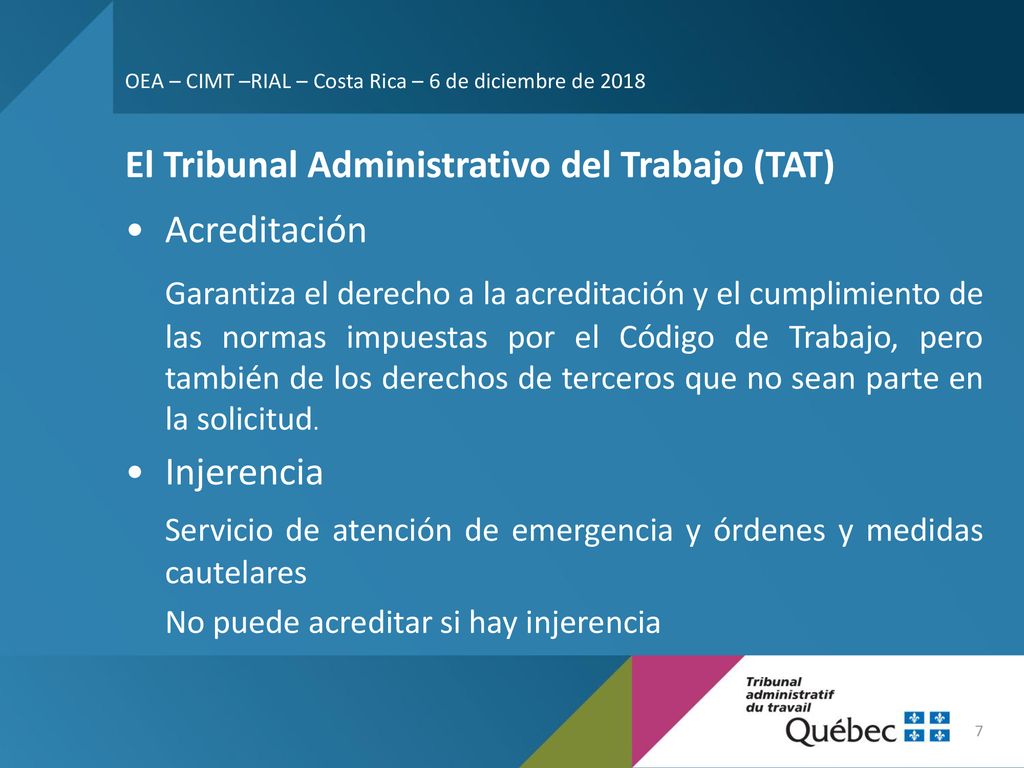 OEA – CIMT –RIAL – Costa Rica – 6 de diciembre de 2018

-=-=-

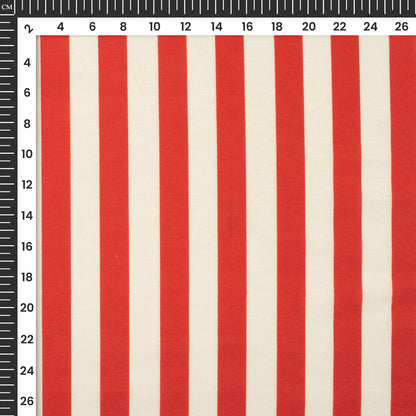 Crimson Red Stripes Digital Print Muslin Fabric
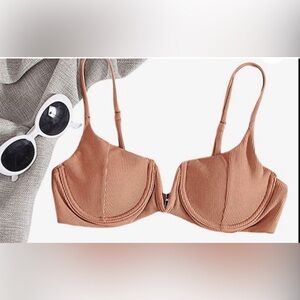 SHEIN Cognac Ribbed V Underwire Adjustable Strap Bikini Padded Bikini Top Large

-=-=-

→ TO DO
From the material above, output only the span of lines that starts at the one containing "Crimson Red Stripes" and finishes at the one containing "SHEIN Cognac Ribbed", word for word and free of pictures.

→ WORKED SOLUTION
 Crimson Red Stripes Digital Print Muslin Fabric
 SHEIN Cognac Ribbed V Underwire Adjustable Strap Bikini Padded Bikini Top Large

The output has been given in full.